> [Input records]
:::::

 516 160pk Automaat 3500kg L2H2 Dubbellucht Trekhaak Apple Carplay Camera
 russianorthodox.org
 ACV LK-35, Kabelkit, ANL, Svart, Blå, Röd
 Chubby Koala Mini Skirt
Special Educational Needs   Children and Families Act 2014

:::::

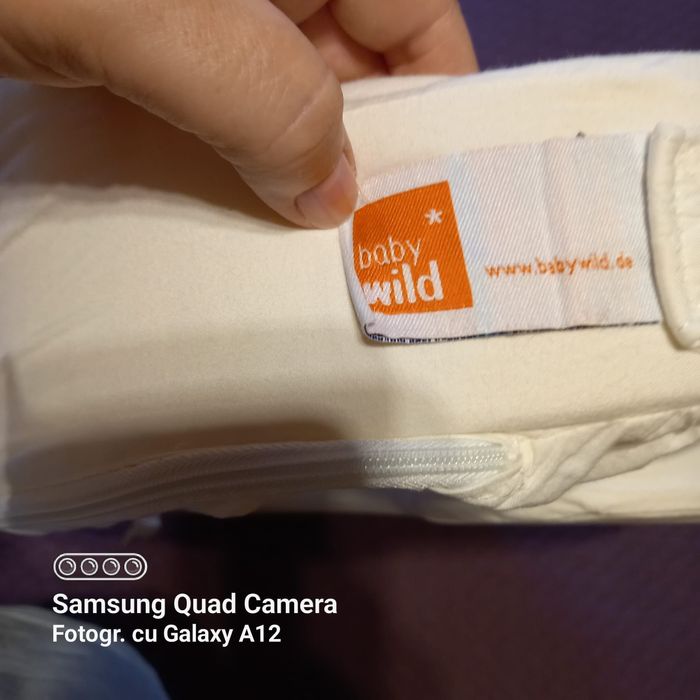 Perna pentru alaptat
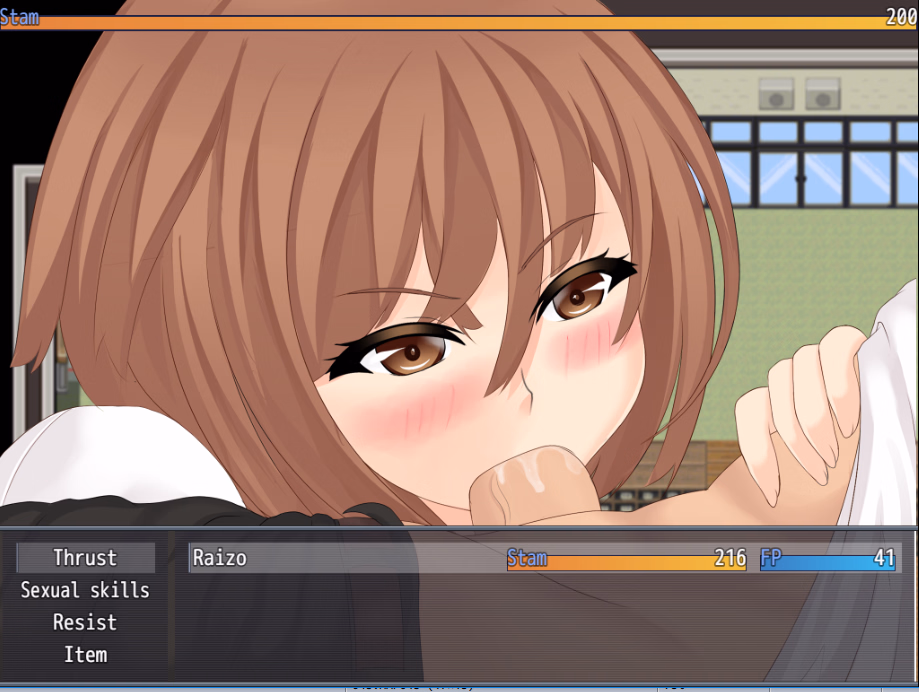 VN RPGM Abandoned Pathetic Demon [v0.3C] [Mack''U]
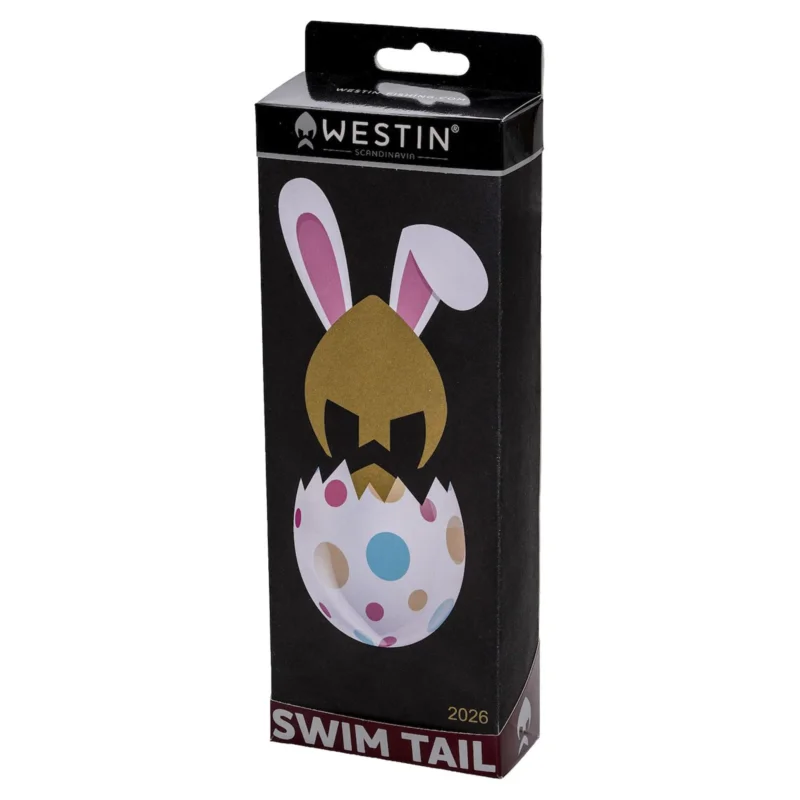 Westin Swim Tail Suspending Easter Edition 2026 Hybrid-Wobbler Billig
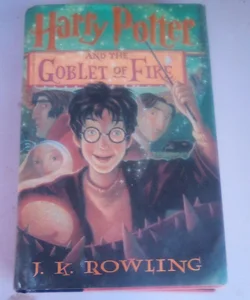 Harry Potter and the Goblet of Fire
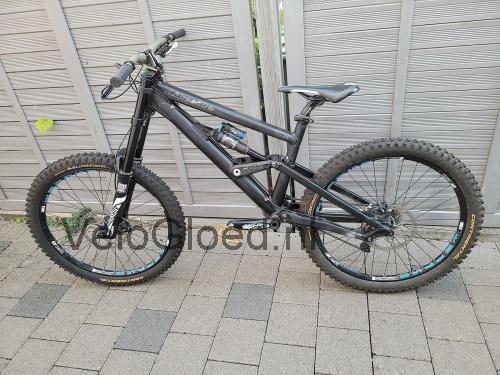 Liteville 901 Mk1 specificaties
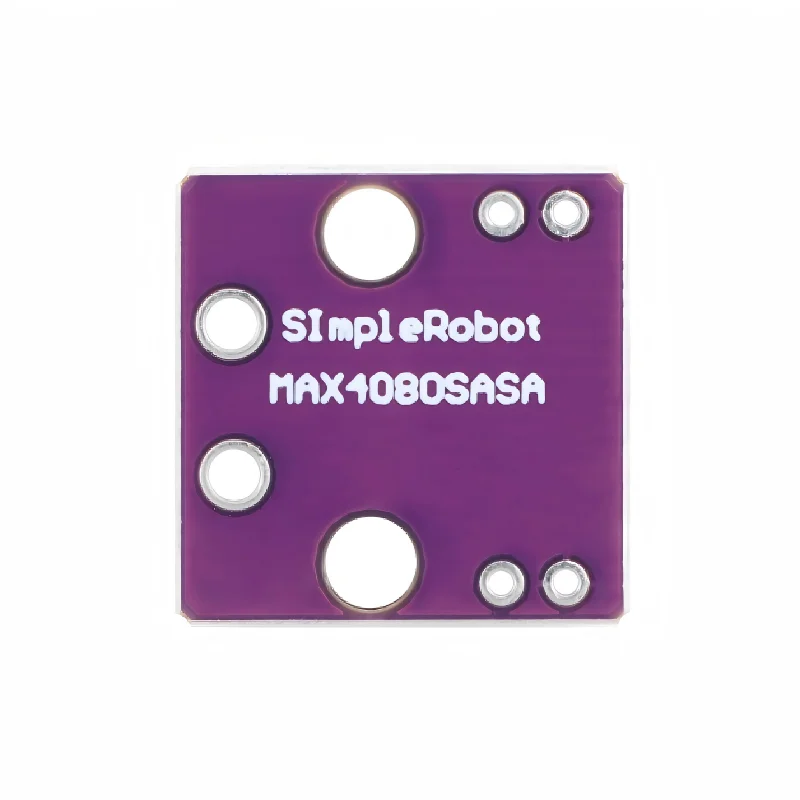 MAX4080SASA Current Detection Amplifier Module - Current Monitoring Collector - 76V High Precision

:::::

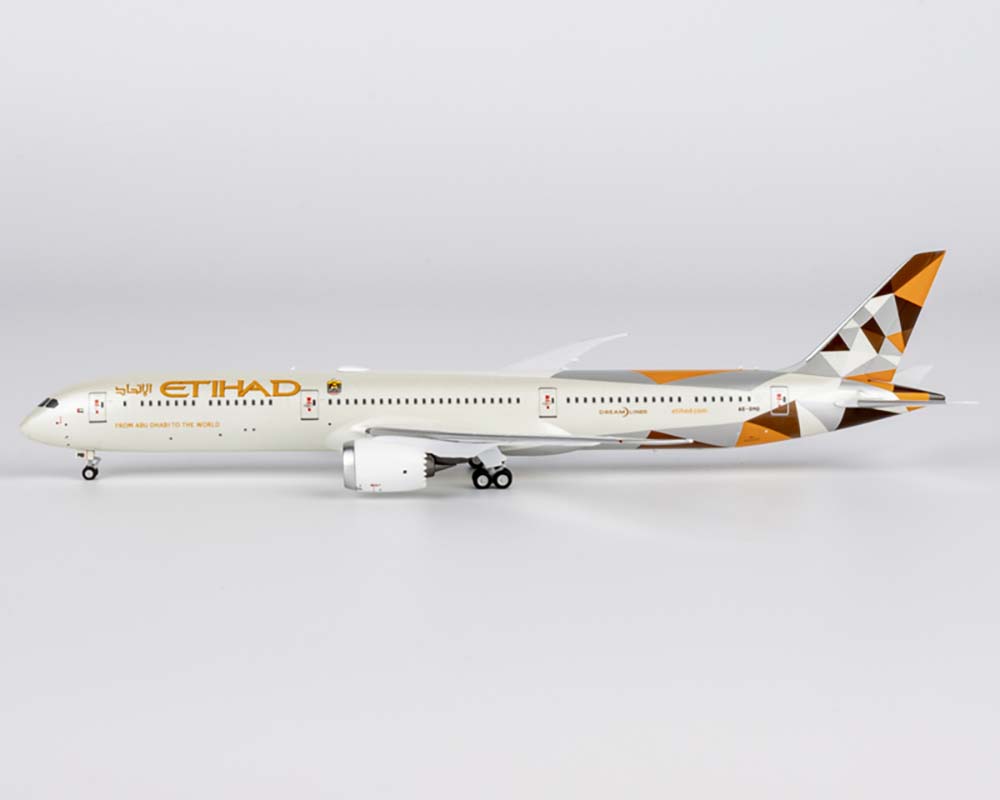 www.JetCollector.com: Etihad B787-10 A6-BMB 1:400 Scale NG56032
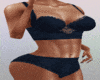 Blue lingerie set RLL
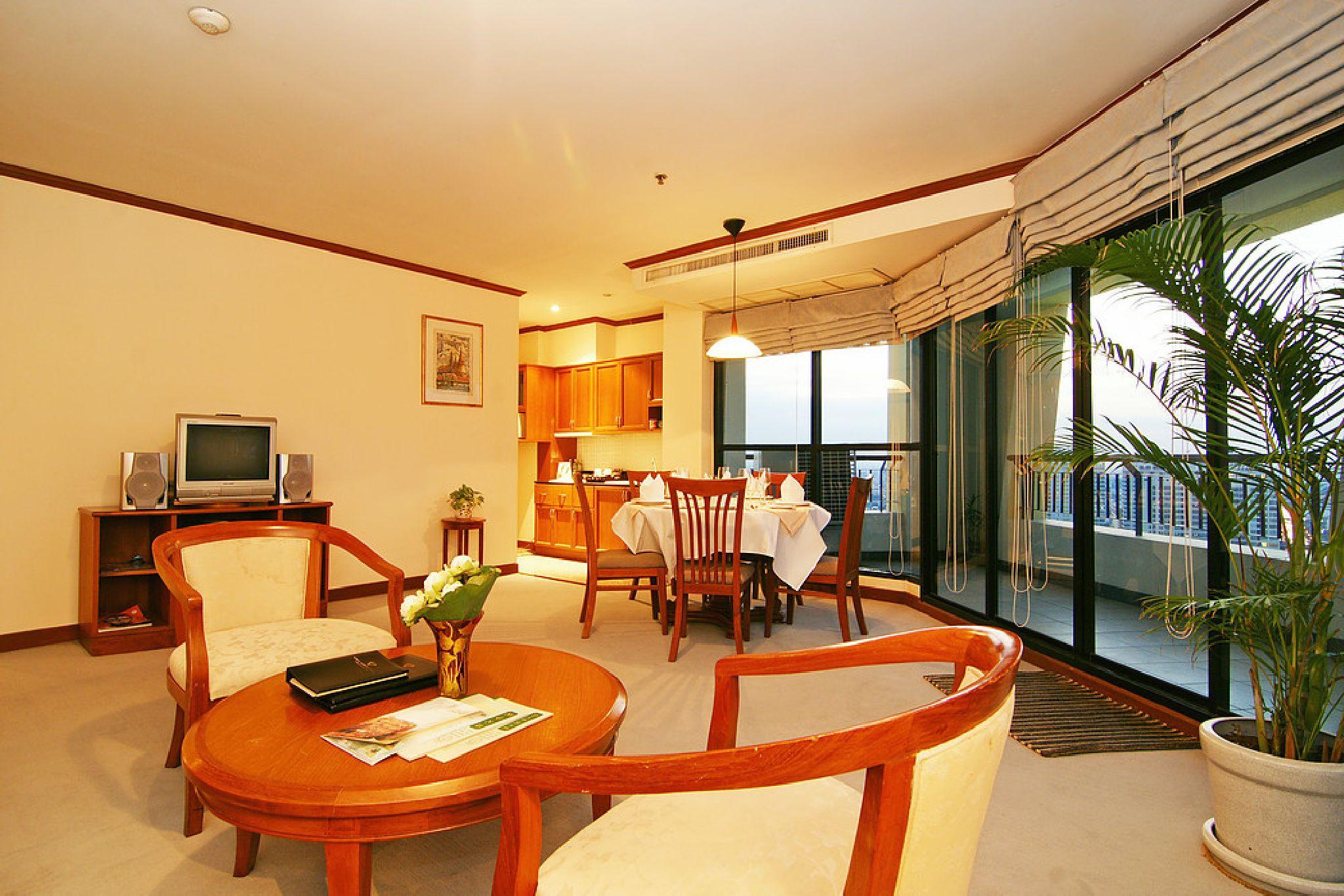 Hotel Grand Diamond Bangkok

:::::

Return exactly the lines of the material above, starting at the line containing "Blue lingerie set RLL" and finishing at the line containing "Hotel Grand Diamond Bangkok", without any pictures.

> [Answer section]
 Blue lingerie set RLL
 Hotel Grand Diamond Bangkok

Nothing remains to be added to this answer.